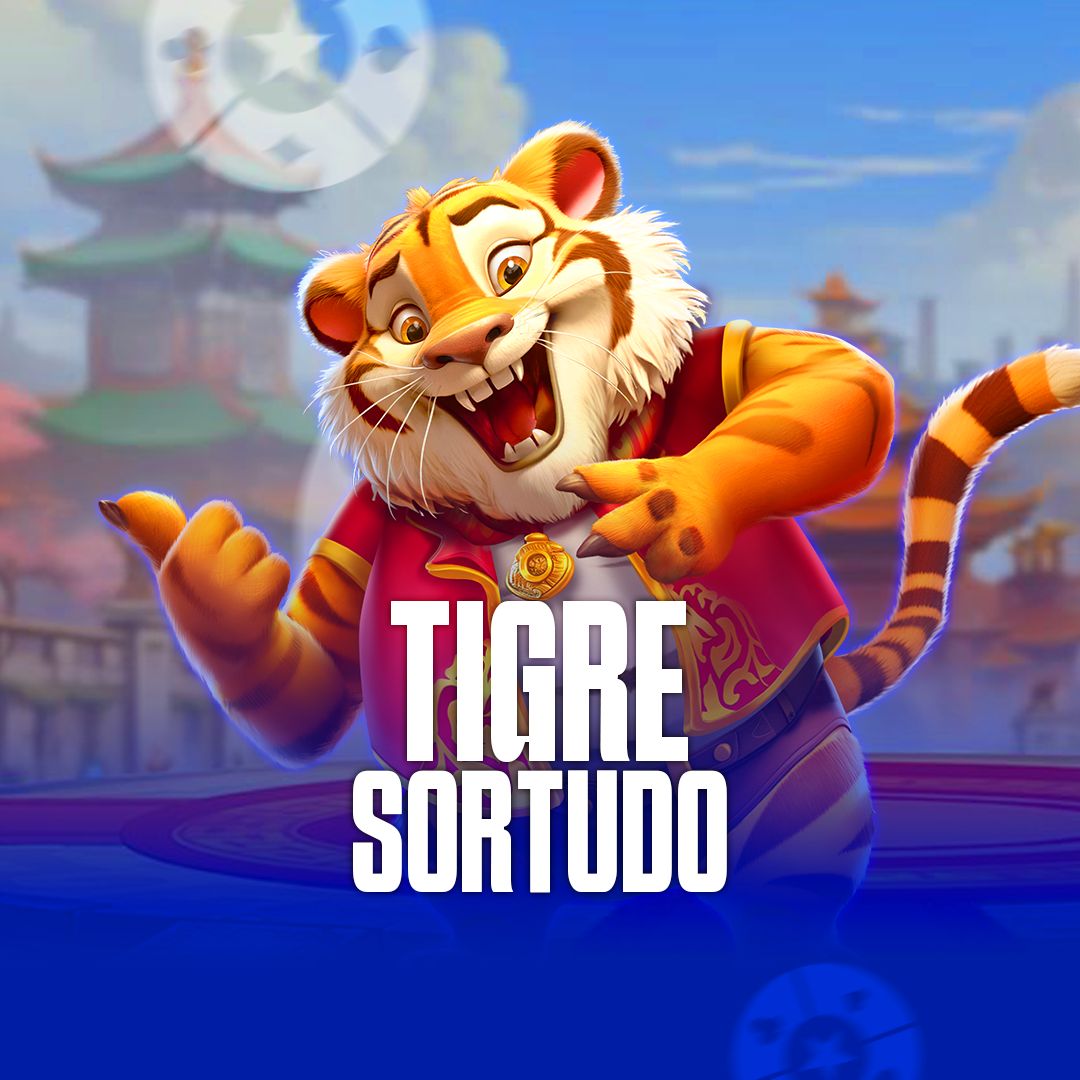 20 bet login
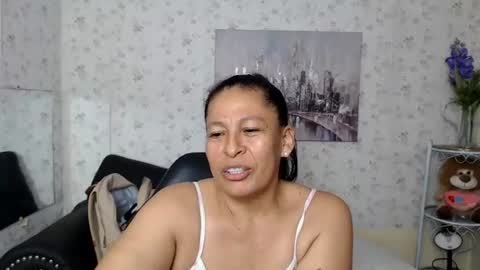Martina online show from July 12, 7:53 am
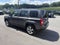 2016 Jeep Patriot 4WD 4dr Latitude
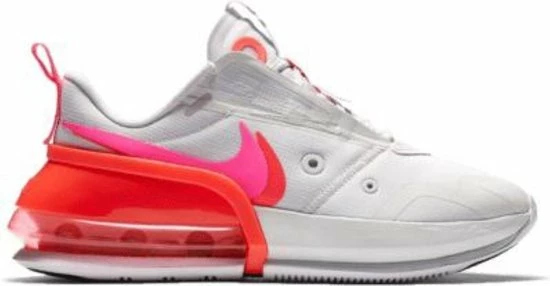 Nike Air Max Up- Sneakers Dames- Maat 37.5 3 Nike Air Max Up- Sneakers Dames- Maat 37.5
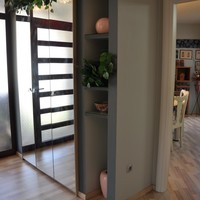 Villa in Greece, Central Macedonia, Center, 350 sq.m.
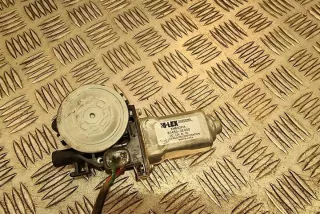 834503E000 Моторчик стеклоподъемника Kia Sorento 1 Арт e12277272, вид 2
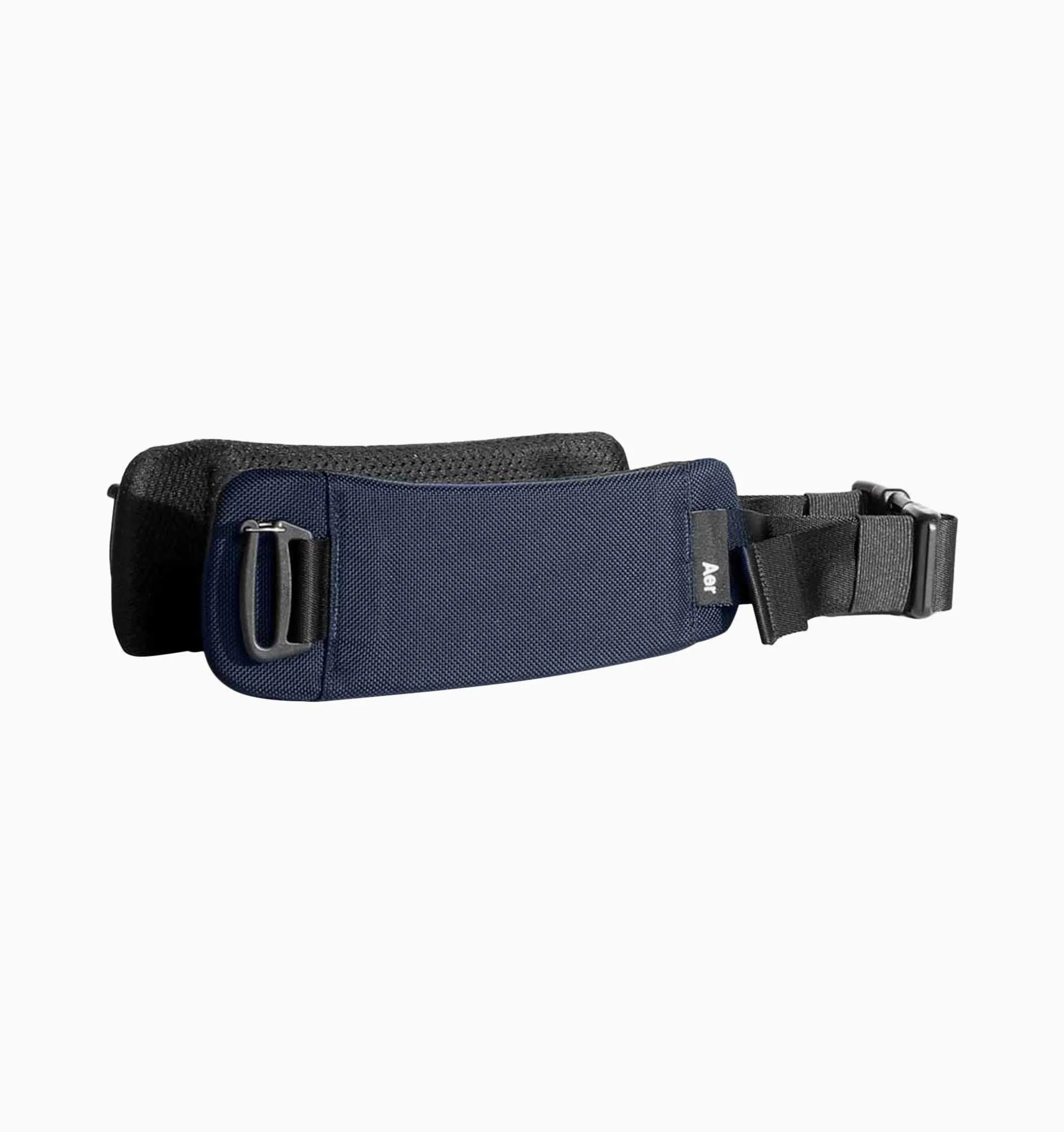 Aer Hip Belt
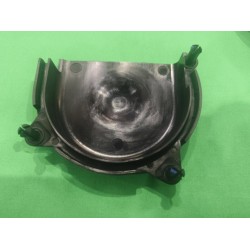 Couvercle de la pompe à huile moteur - BYD - 10499245-00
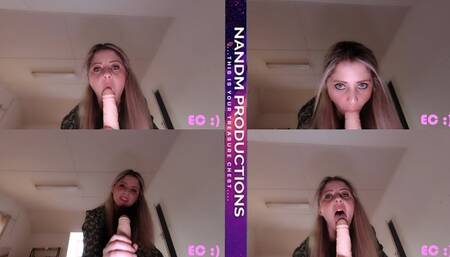 Helping You To Go To Dreamland_1080p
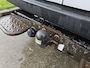 Mercedes-Benz Sprinter 516 L3 Dubbellucht Mbux!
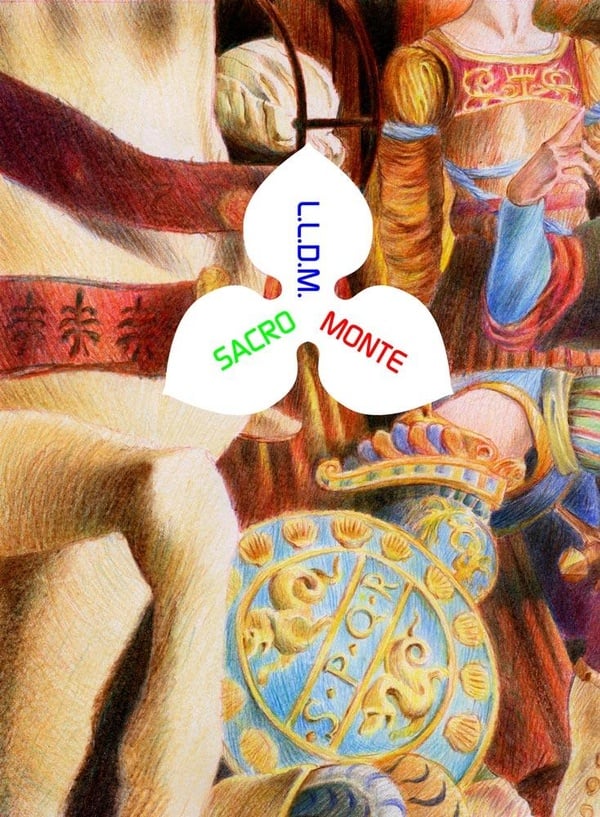 media/pim/TITELIVE/2_9782390080770_1_75.jpg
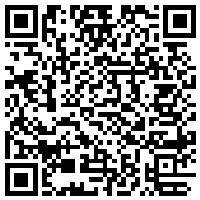 QR Code for bitcoin:bitcoin:bitcoin:bitcoin:bitcoin:bitcoin:dogecoin:DRkDFSsTwAvBox5VjFbufonTRS7Df3gzTP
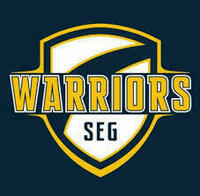 SEG Parent-Teacher Conferences (11/2024)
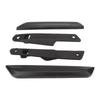 Motorcycle Windscreen Trim Strip Windscreen Inside Outer Bracket Holder Strip Kit for R1200GS 2013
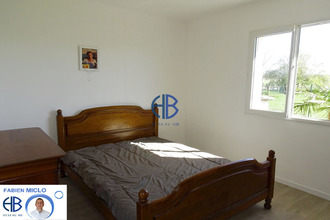  maison beaurepaire 38270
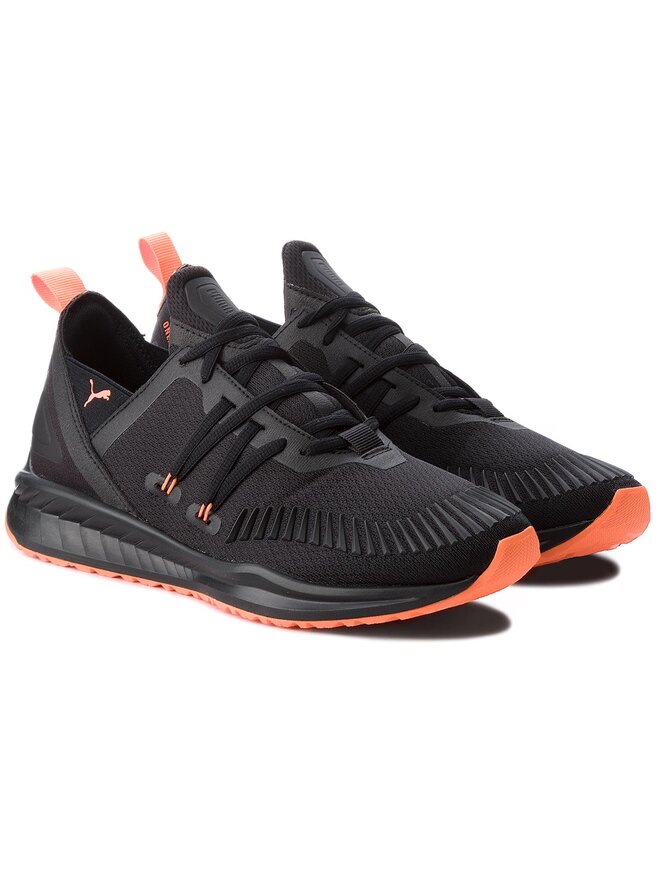 Puma ignite ronin online
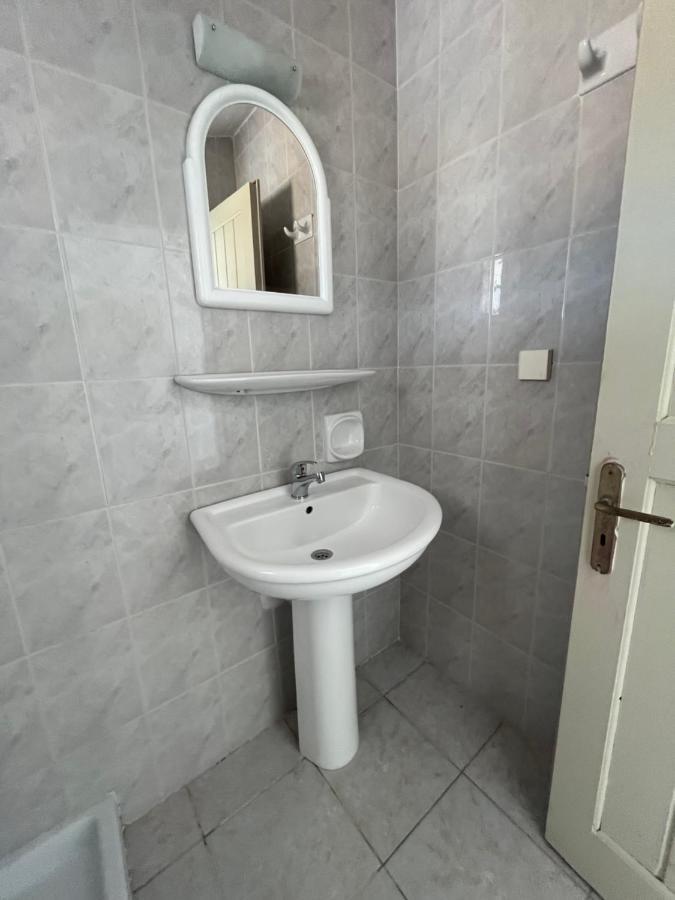 Meraki Kávos Dış mekan fotoğraf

-=-=-=-=-

### Work to complete
Copy exactly, and only, the lines from the first line of the material through the line that contains "Villa in Greece, Central", both ends kept; no pictures.

### Result of the task
 20 bet login
Martina online show from July 12, 7:53 am
 2016 Jeep Patriot 4WD 4dr Latitude
 Nike Air Max Up- Sneakers Dames- Maat 37.5 3 Nike Air Max Up- Sneakers Dames- Maat 37.5
 Villa in Greece, Central Macedonia, Center, 350 sq.m.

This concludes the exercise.